A: Not the way most people do it. "Static stretching"—holding each stretch in the same position for a few seconds (such as bending over to touch your toes)—only produces a temporary increase in your flexibility. "I liken static stretching to the old Stretch Armstrong doll," says Bill Hartman, P.T., C.S.C.S. "You stretch it, and it slowly returns to shape." To make a more permanent change in the flexibility of your muscles, static stretches would need to be held for about 20 minutes each. "Besides subjecting yourself to inhumane levels of boredom," adds Hartman, "that type of stretching can actually weaken the connective tissues of your muscles and joints, impairing sports performance and increasing your risk for injury." A better way to increase flexibility is by performing repetitive dynamic movements and strength-training movements, such as lunges, squats, and good mornings throughout their full, pain-free range of motion (the farthest your body can travel without pain while keeping good form in the exercise). As time goes by, your range of motion will increase and you'll develop improved strength and flexibility throughout the entire movement.
How much should I lift?
A: The beginner's rule of thumb: Use the heaviest weight that allows you to complete every repetition and maintain control over the speed of the weight at all times. Here's an example: Say you're doing 10 repetitions of the bench press. You should be able to lower the barbell to your chest at the same rate of speed from top to bottom for each repetition. "If the speed of the bar starts to accelerate at the halfway point of a rep, you're no longer able to control the weight," says Hartman. "It's controlling you." It will take a bit of experimentation to determine the weights you should use for each exercise. If you lose control over the weight before you've finished the number of repetitions you were striving for, you went too heavy. If you were able to complete all repetitions but felt like you could have done several more, you went too light.
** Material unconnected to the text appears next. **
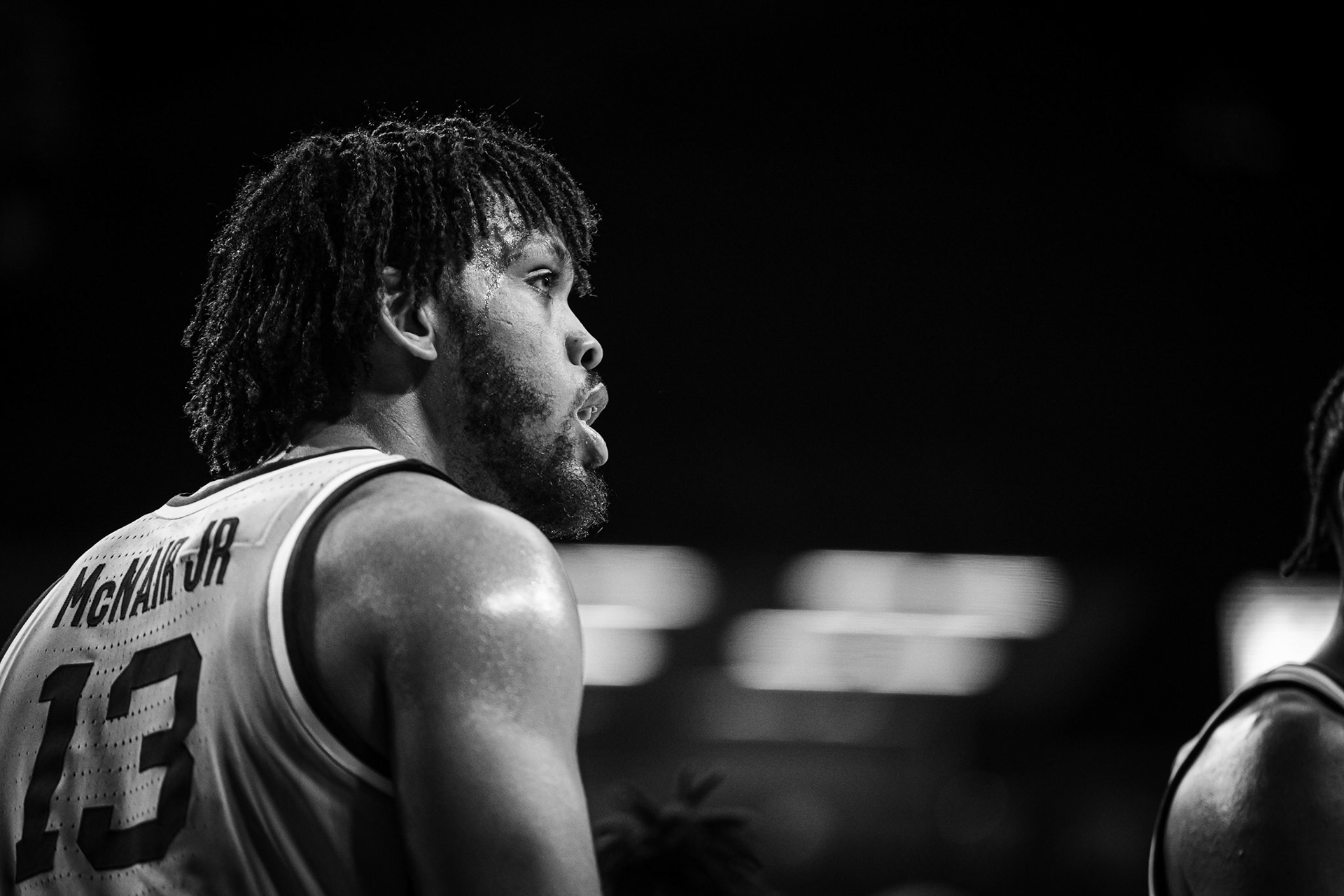 K-State Men's Basketball vs. Oklahoma State, January 20, 2024. Final: KSU 70, OSU 66(Photo: Reece Bachta/K-State Sports)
On some exercises, it hurts when I lower the weight past a certain point. Is that OK?
A: No—not even if you like that sort of thing. "Everyone has a slightly different anatomy, as well as different levels of flexibility," says Joe Stankowski, N.A.S.M., C.P.T. The key for the best results is to raise and lower the weight (or your body) using flawless form through the greatest range of motion that you can achieve, pain-free.
What program should I get on?
A: Basically, it depends upon your goals. But as a beginner, don't bother trying to create your own workout. You won't be nearly as good at it as the professional strength coaches who do it for a living. Instead, use a "pre-made" routine like the ones we provide every month, which are designed by the world's top fitness experts—we promise you'll get better results.
Can I just do cardio and skip weights?
A: Sure, but you'll be missing out. Weight training provides benefits aerobic exercise doesn't (and vice versa), whether you're trying to improve your general conditioning or just lose fat. So you're shortchanging your body by doing just one or the other.
I want bigger guns. How much should I train arms?
A: Your arms aren't like your girlfriend: They don't require constant attention. In fact, if you're performing compound movements for your upper body (such as chinups and dips), your pipes are likely already getting all the stimulation they need to grow. Any more, in fact, such as bombing them with curls and pressdowns, can lead to overtraining. "Muscle grows in response to heavy loads," says Cosgrove. "Since you lift more weight doing a chinup, it's a better choice for building your biceps than a curl." The same goes for choosing a dip over a pressdown. Compound movements—exercises that involve more than one joint—have the added benefit of working more muscles than isolation exercises (movements that involve only one joint). The chinup's main function is to build your back, but it also hits your core. Compare that to the measly curl, which only hits your biceps. So don't worry about your arms. Unlike some ladies, they're low-maintenance.